As the sun starts slipping into the moorland, I know how much further I can go without missing the last of that day's light to get back to my house with. I know the clearings in which I feel the most welcomed by the woods and furthest from personal concerns. So many of the plants, I know by their shapes and textures and the way that they sound and move when the winds grow stronger. 

I feel at home there, much like moments with my Grandad. I feel at home in the most certain, warming, way that I ever have in a place. That might be why the idea of a fire burning  makes me think ‘I should be there’ much like I would want to go to someone I loved if they became unwell. I can’t speak to the forest through the phone. Perhaps that’s why the short reports today have felt so useless. It’s not that they aren’t informative, I think I’ve found them such an irritation because there’s nothing in any of them that expresses something like respect or adoration.

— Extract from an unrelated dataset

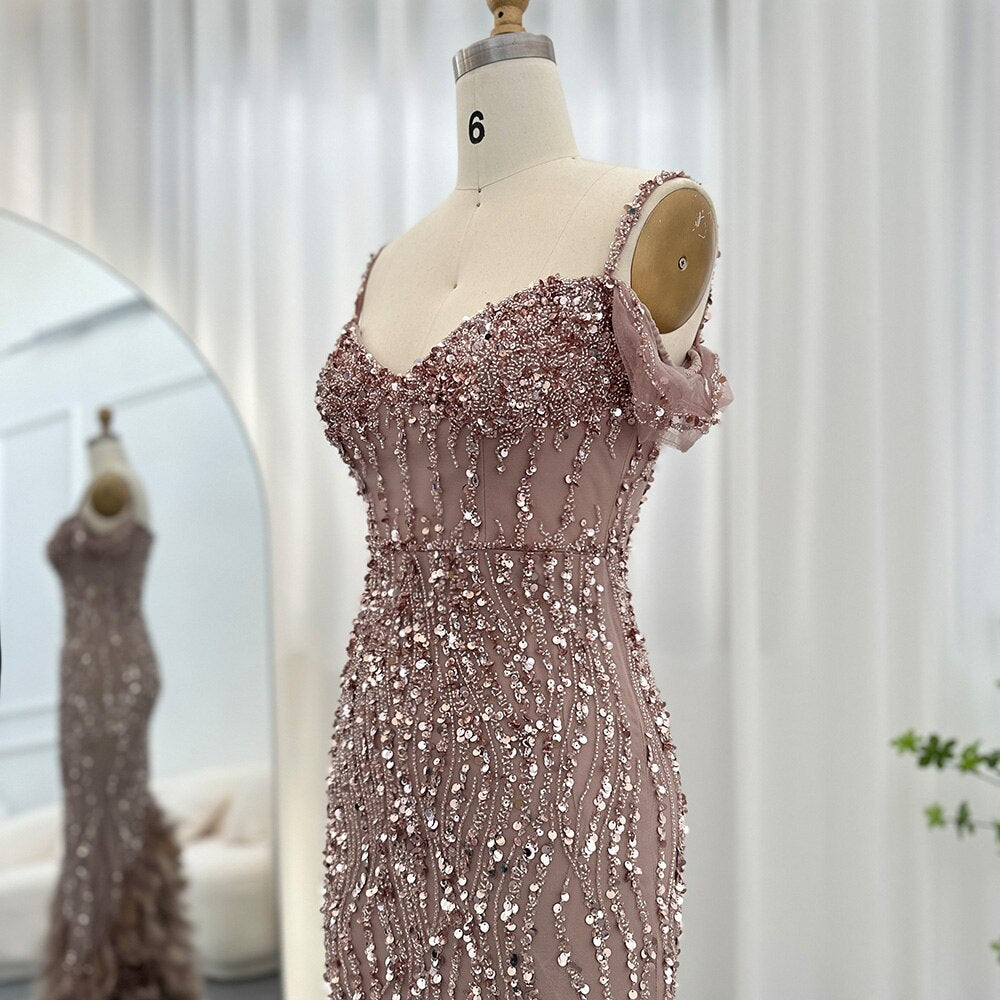 Luxury Pink Mermaid Feathers Prom Dresses 2023 Spaghetti Straps Green Black Blue Women Wedding Evening Dress SS169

Whilst I have spoken here about the limitations of the language I grew up with, I must also note moments of learning which helped to fill some of the gaps. In "Braiding Sweetgrass" Robin Wall Kimmerer uses the term "species loneliness" to describe the feeling of isolation that humans have from what she calls the “more than human world”. Throughout history, members of the human species have separated themselves from the understanding that we are a part of a community of coexistent species. 

When I am in the woods without any other people, be they friends or strangers passing by, I do not feel alone. There, I am accompanied by the most beautiful lives and I realise that the time I spent here growing up shaped me more than many conventional sources of influence like school or cinema or books at that stage. I can’t speak to the woods down the phone when I am not close in body. Those woods do not speak like we do and perhaps our loneliness as a species has come from the fact that we wait to be spoken back to when the life in question communicates in far more special ways than our imaginations tend to allow. 

Lucy Gavaghan stands in the middle of the path in Lady Cannings Plantation, looking towards the sunset.

The woods do not exist for humans to pass judgement upon their beauty. They are not desolate until the moment we enter them nor abandoned on our departure. When there, we are with all of that non-human life. The woods taught me about the opposite of loneliness and I am now accepting the fact that I will never be able to, nor need I, force how that feels or what that means into words alone.  


Note: combing through reports online, I learn that the blaze was attended by tens of fire engines and mostly damaged the moorland close to the woods itself. The wildfire is neither the first or last of its kind in the region and I hate to think how long it will take for all of the bonds of the ecosystem to be rebuilt. The fire began on Tuesday evening and could apparently be seen right across the city. A dramatic vision to say the least. The fire was mostly extinguished  by the 1st June. 


  • Kimmerer, R.W. (2013). Braiding Sweetgrass: Indigenous Wisdom, Scientific Knowledge and the Teachings of Plants. Minneapolis, Minnesota: Milkweed Editions.